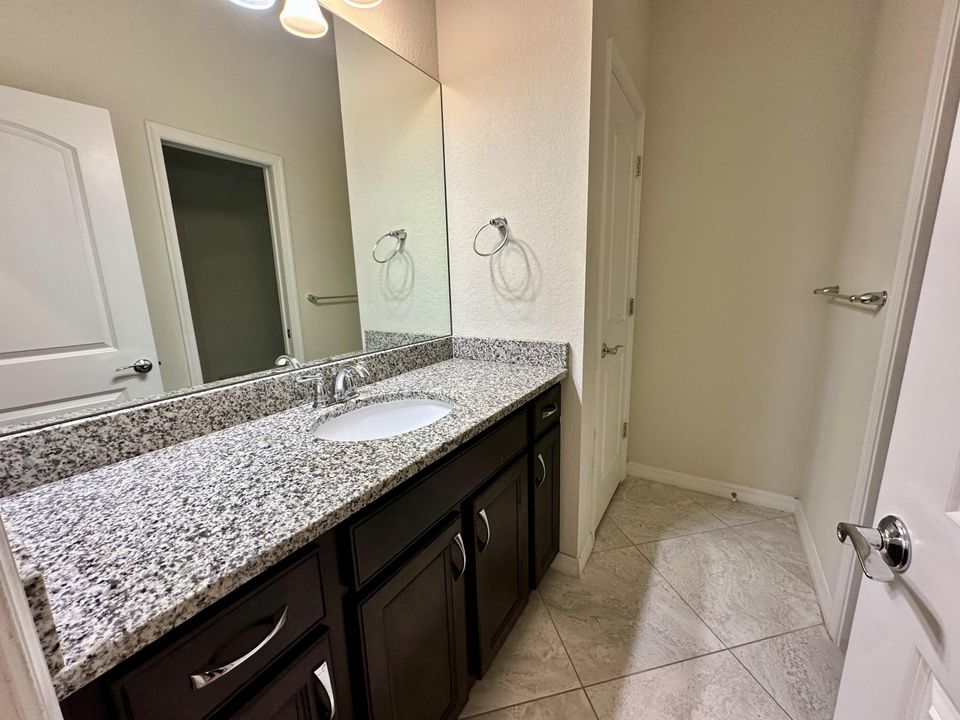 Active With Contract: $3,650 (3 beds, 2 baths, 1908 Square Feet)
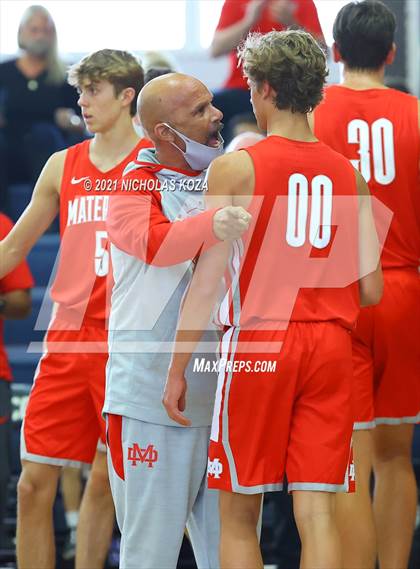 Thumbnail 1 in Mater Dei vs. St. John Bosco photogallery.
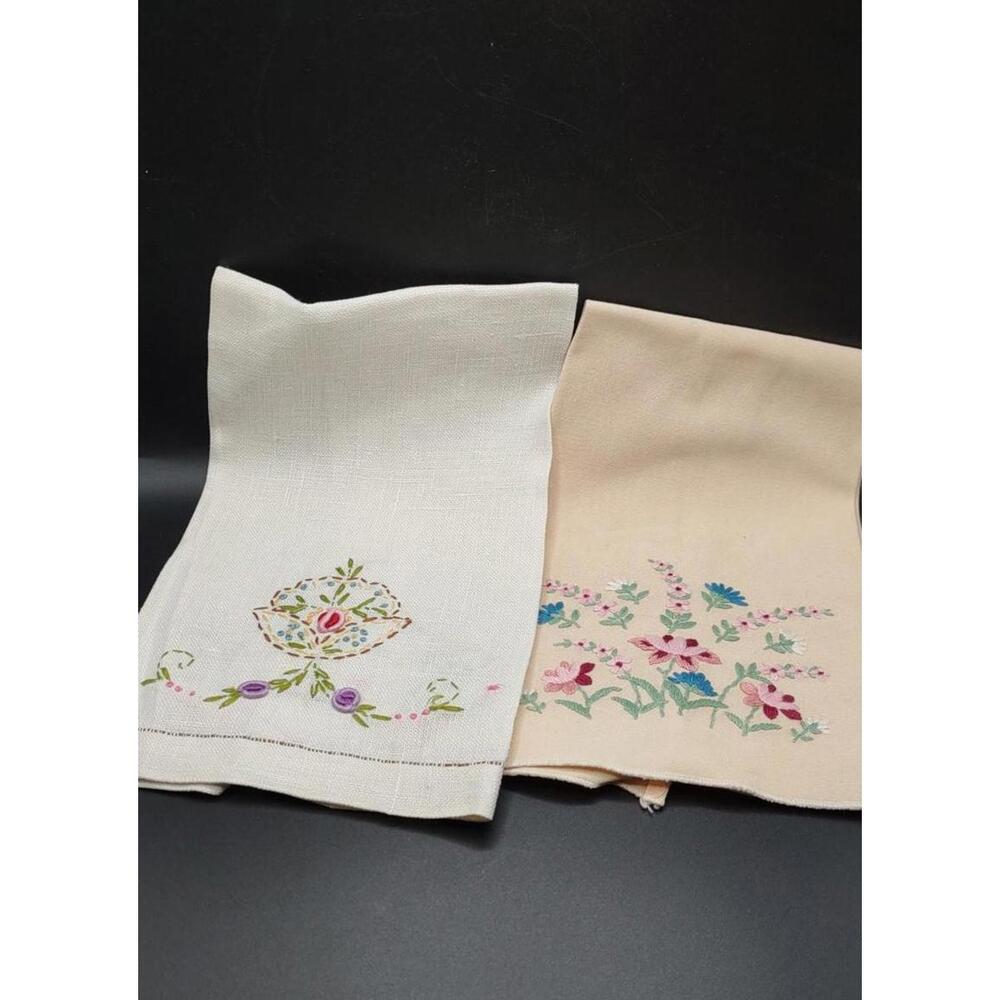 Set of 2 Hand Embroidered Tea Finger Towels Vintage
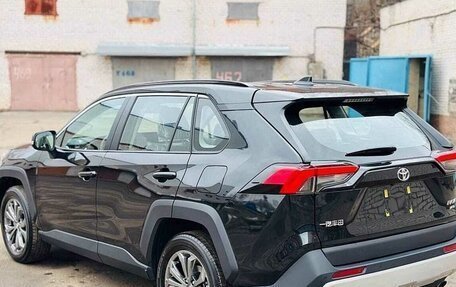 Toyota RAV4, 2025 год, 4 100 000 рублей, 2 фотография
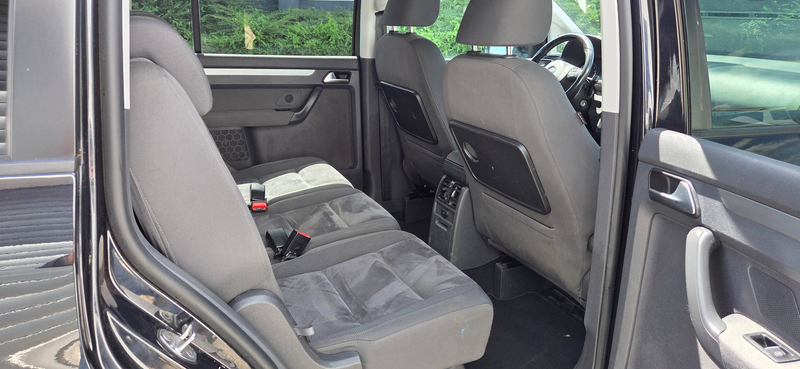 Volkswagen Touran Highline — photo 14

* * *

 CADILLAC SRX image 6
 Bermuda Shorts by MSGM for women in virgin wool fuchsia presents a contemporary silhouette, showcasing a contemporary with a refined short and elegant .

■ **To do**: Range to copy from the records above: the line containing "Toyota RAV4, 2025" to the line containing "Volkswagen Touran Highline — photo 14", both included. Output those lines exactly and only those, skipping pictures.

■ **Task output**:
 Toyota RAV4, 2025 год, 4 100 000 рублей, 2 фотография
 Volkswagen Touran Highline — photo 14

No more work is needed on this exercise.